White Lilacs and other dreams

white lilacs


It’s that time of year…time to re-dream lilacs. I wrote this in 2007.


Lilacs were not a part of my life until I moved north in my thirties. When I discovered them that first spring, it was as if I dreamed them. They felt that important and that personal. And yet, I never remember a conscious thought of lilacs before then. Growing up in southern Texas, lilac wasn’t a flower or a smell—lilac was a colour.

In my fifties, I moved even farther north and now I have lilacs in my yard. They are white.

I have to re-dream lilac.

The lilacs in my yard are old; some so tall that we don’t bother to even try to prune them. I can see them from the second story. I imagine they were first planted by Florence around the turn of the last century when the house was built. She married George, an engineer and—by reputation—a sweet man, after the death of her first husband. Her daughter by the first husband was named Ava and Ava’s daughter was named Flora.

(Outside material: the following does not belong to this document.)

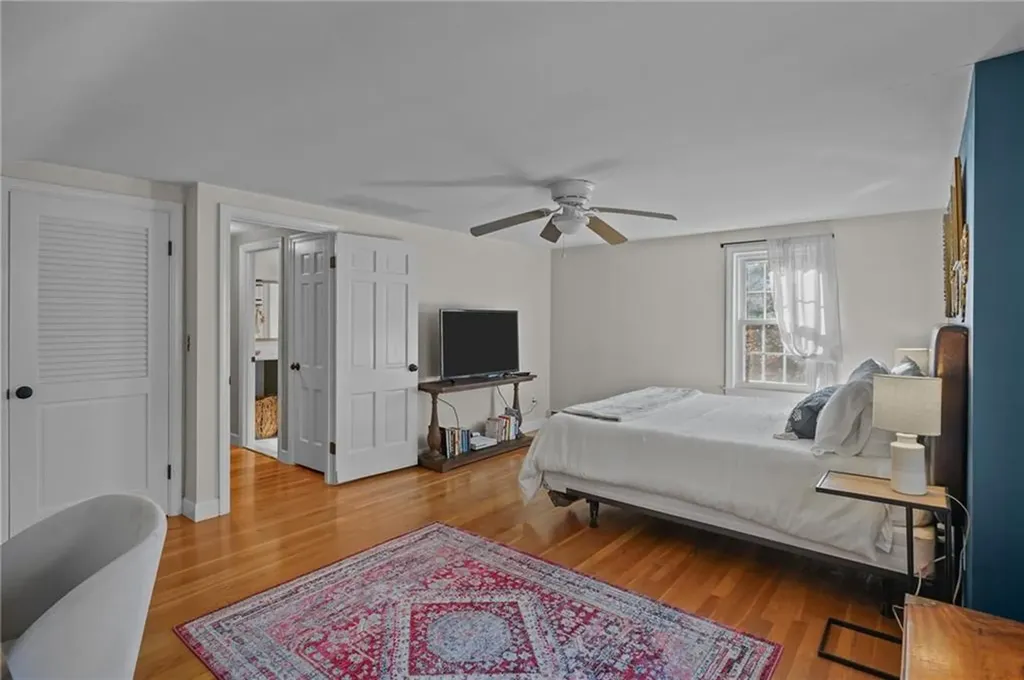 38 Angela Avenue Cranston RI 02921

George and Florence’s house, though large, was a smaller version of his brother’s house nearby. They named their homes after castles in Scotland where George was born before the family immigrated to Canada. The brother’s large house was named Craigevar. George’s more sensible house was named Moneymusk.

white lilac bouquet

George and Florence had no children of their own and when they died in the 1920′s within a few years of each other, the house they built was left to their granddaughter, Flora. But Flora wasn’t the only grandchild. There was another offspring of Ava’s named Billy and Billy, in the vernacular of the times, was a ne’r-do-well. He gambled and drank (in the times of prohibition) and was, incidentally, a cripple.

The house was inhabited by Flora and Billy, and soon all of Billy’s nefarious friends. Flora loved the house as she had loved her grandparents. She had lived with them off and on in her later childhood. By that time, Craigevar was gone—first abandoned, then vandalized, then burned—and her relatives lived far away in Glace Bay and Baddeck. Some lived in the States.

She saw the house she had inherited being turned into a house of ill-repute.

There was a family nearby who had worked for George and Florence. The father did caretaker’s duties and the wife came in to clean. They had four children. In an act of desperation—trying to regain control of Moneymusk from her half-brother, Billy, and his friends—Flora invited the family to come and live in the house.

One can only imagine the sobering effect it had on the ruffians to have a poor, working family with children living in the house. Perhaps there were scenes. Perhaps the friends—who were, after all, only drunks and gamblers, not evil persons—simply left one sunny morning when they realized there were decent people, a family, in residence.

No one knows what happened to Billy.

Flora lived with the family for some months and then, for reasons lost to time, decided to go to the States.

The family stayed and took care of the house. Flora never returned and they stayed and stayed until the mother and father died. The house was left to the oldest son who stayed and stayed—for many years with his sister who did all the cleaning and care-taking. In his older years, he married and he and his wife continued to care for the house until they grew too old. The sister still lives nearby and she, and others, have told some of these stories, but have been careful not to tell other parts of it.

Some of this is fact, and some the stuff of dreams.

But this is true: all this time, white lilacs came back fresh and new every June, becoming thicker and taller with each passing year and if lilacs are white, any of it is possible.